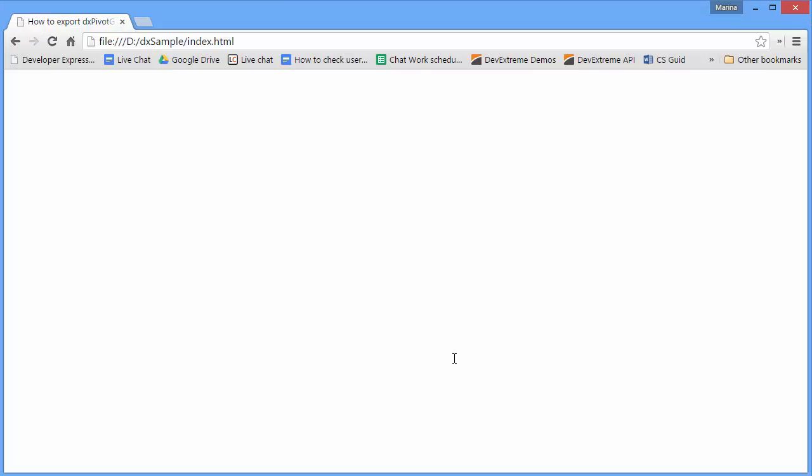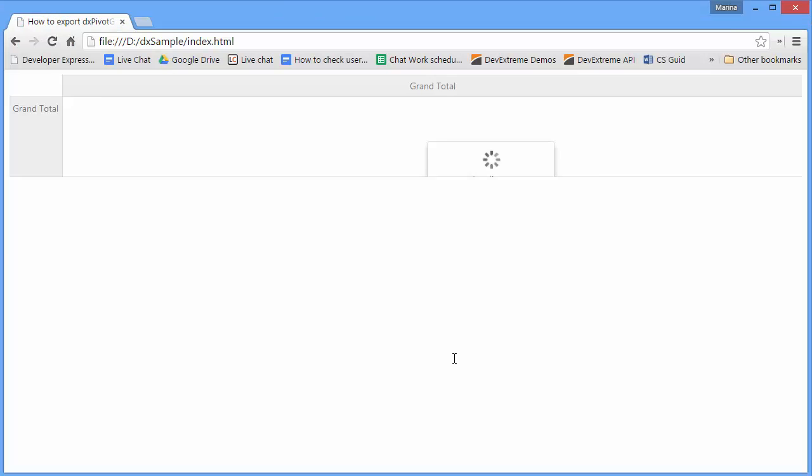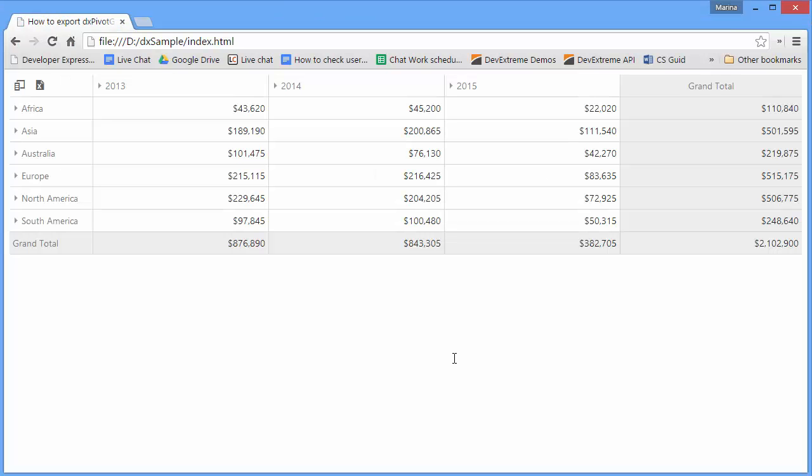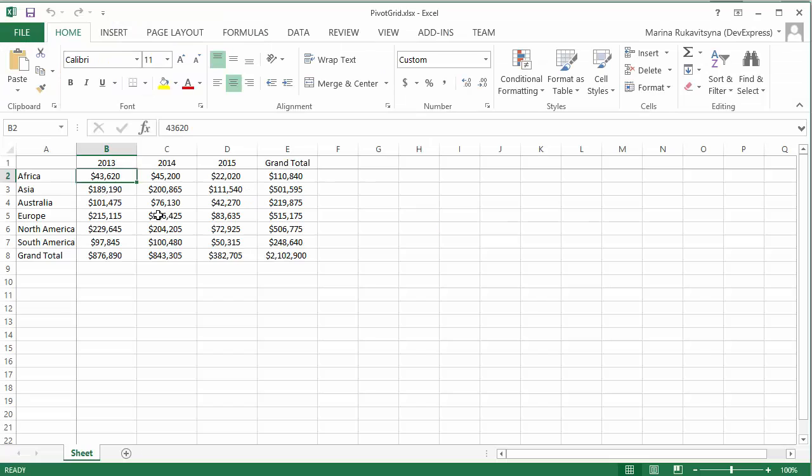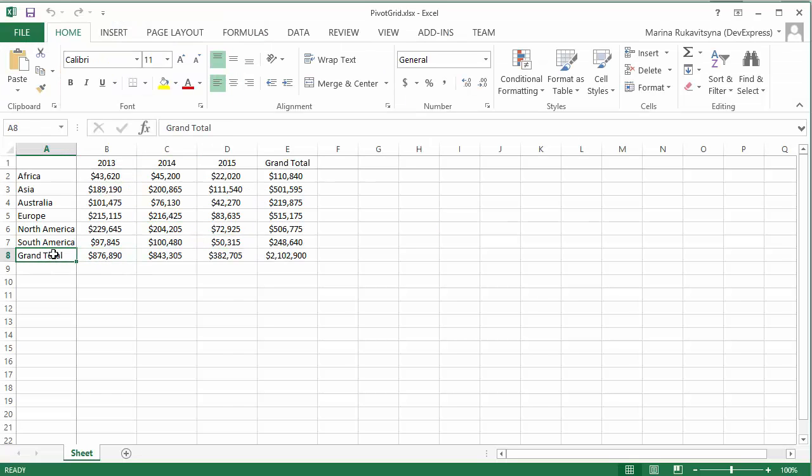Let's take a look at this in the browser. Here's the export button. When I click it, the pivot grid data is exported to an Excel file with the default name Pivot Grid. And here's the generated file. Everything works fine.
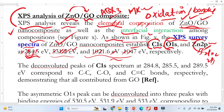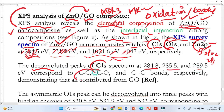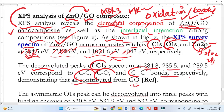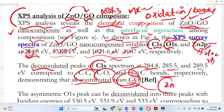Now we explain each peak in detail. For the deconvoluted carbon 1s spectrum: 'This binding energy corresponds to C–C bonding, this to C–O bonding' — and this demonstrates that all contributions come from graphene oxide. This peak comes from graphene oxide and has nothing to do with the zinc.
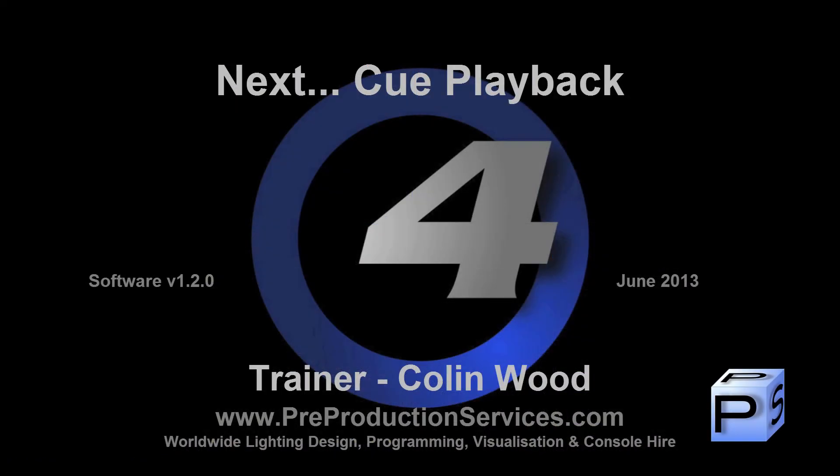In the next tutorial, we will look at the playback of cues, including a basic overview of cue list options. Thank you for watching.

## Work instructions:
Go back to the line that contains "Now we explain" and copy it, along with each line after it through the end of the listing above, exactly and without pictures.

## Reply to the exercise:
Now we explain each peak in detail. For the deconvoluted carbon 1s spectrum: 'This binding energy corresponds to C–C bonding, this to C–O bonding' — and this demonstrates that all contributions come from graphene oxide. This peak comes from graphene oxide and has nothing to do with the zinc.
In the next tutorial, we will look at the playback of cues, including a basic overview of cue list options. Thank you for watching.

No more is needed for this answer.